Before a foot landed on the porch steps, Ruthie let out a wail to wake the dead. Stuttering, gibbering, her tears darkening her aqua blouse. Mabel moved to scoop her up, give her a piggyback ride, ask if she wanted to stay home today.

But Arthur beat her to it, kneeling next to the girl. “We’ll see each other soon.” He plucked a magic coin from his pocket and pressed it into her palm. “Give this back to me then, okay?” He pushed at a tomato red dimple until she grinned.

Ed and Arthur were mid-handshake when the baby monitor squealed and squawked through the screen door. Ed gave Y/N a final embrace. “Be good. I don’t wanna hear you’ve gotten into trouble with your Perry Mason act.” She made no promises.

Once Arthur had plunked Y/N’s bag on the station wagon’s vinyl seat, he turned to Mabel and stuck out his hand. She was having none of it. “You’re not getting away from me that easily,” she said. She yanked him into her arms.

A bashful laugh bubbled up, almost a giggle. He gave in without delay. “I’m not trying to.”

“Take care of yourself. And her. I couldn’t be happier she has you.”

“Thanks. Me neither.”

Settled on the rear of the car, he puffed on a last cigarette, having promised to smoke only at rest stops on the way home. Mabel and Y/N lounged by the hood, exchanged basic well wishes and vows to write. A flicker of uncertainty coursed through Mabel, the cotton hidden in her belt a hot coal burning her spine. After the Rusty Spur’s revelry, retrieving the momento from the basement had seemed a good idea. Still was, she supposed, and now was as good a time as any. Better than thinking herself out of it and regretting it later.

Gingerly, she brought out the keepsake from behind her back. “Mom was making this for when you bought your own home.” Taking the homemade apron, Y/N unfolded the top third. Embroidery lined the bib’s borders, lavender petals broken by streaks of green, empty spots of plain beige where their mother hadn’t had the chance to finish the stems. “She never doubted you, that you’d find where you belong.”

“It’s beautiful.” After a few seconds, Y/N wove the fabric around each knuckle. “When you go to Sunset Hills, would you say hi for me? Tell them… I’m sorry. And when I’m in town again, I’ll try.” Mabel was about to ask what on earth she had to apologize for, when Y/N slipped the apron through the car’s open window and reached into her purse.

Out came a striped, green check from Gotham Savings Bank, Arthur and Y/N’s names and address printed boldly in the top left. It was dated today, $1,000 filled the amount box, Y/N’s cheerful signature was fresh off the press. The payee line had been left blank. An order slip accompanied it, complete except for Mabel’s authorization number. “Y/N, what the hell-”
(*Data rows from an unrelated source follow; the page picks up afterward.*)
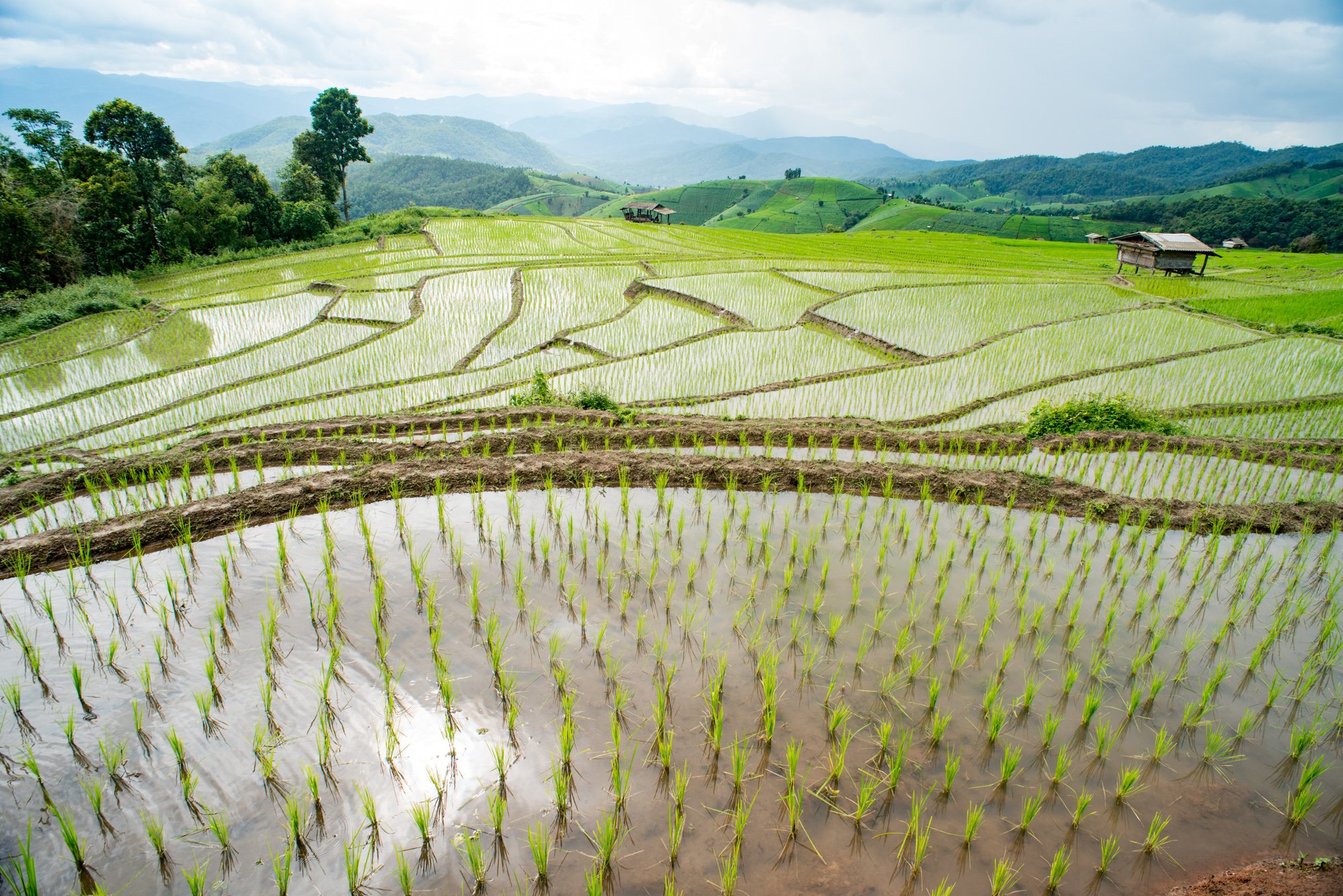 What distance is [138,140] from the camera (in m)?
20.1

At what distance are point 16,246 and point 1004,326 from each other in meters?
23.5

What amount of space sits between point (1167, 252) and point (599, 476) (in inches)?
856

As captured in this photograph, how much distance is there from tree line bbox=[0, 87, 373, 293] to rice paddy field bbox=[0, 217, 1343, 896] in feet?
37.1

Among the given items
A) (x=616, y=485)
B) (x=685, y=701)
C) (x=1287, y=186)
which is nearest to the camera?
(x=685, y=701)

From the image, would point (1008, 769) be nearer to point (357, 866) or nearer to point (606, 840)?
point (606, 840)

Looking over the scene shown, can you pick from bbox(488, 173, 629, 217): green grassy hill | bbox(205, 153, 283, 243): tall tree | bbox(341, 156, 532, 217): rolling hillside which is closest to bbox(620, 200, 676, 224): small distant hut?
bbox(205, 153, 283, 243): tall tree

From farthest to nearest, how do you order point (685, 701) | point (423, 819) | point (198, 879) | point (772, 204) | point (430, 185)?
point (430, 185), point (772, 204), point (685, 701), point (423, 819), point (198, 879)

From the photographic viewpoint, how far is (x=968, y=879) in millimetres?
2367

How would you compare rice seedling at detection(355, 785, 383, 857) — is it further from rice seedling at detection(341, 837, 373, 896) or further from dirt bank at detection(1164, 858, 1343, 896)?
dirt bank at detection(1164, 858, 1343, 896)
“That’s a valid order. As one of Beauty Boutique’s top saleswomen, you have to take it. If I read the commission chart correctly, you’ll get 54% of the sale.”

Mabel scanned the mile-long list. Thirty-six eyeshadow palettes, twenty bottles of foundation in shades Y/N would never use, anti-aging creams, fancy conditioners, every fragrance of feminine powder… “What’ll you do with all this?”

“Ship it to me and we’ll see. Or you could skip burdening me with merchandise I don’t want and write your own damn name on the check.”

“You’re not very good at listening, huh?”

“Oh, I heard you.” Y/N inched closer, nudged her in the ribs. “It’s just that being stubborn got me to where I belong.”

Pictures formed in Mabel’s mind’s eye, images of six sleeping bags strewn across the living room of a one-bedroom apartment, arguments over the bathroom and what sights to see. A frazzled older sister and cheerful if overtired Arthur showing them urban ropes. She stuck the check in her pocket, grasped Y/N’s hands, entwined their fingers until her pointer ached. “It’s going straight into a vacation club account,” she announced. “I wanna see the city you love so much. What all the fuss is about.” A leap for someone who’d rarely been further than a hundred miles from home.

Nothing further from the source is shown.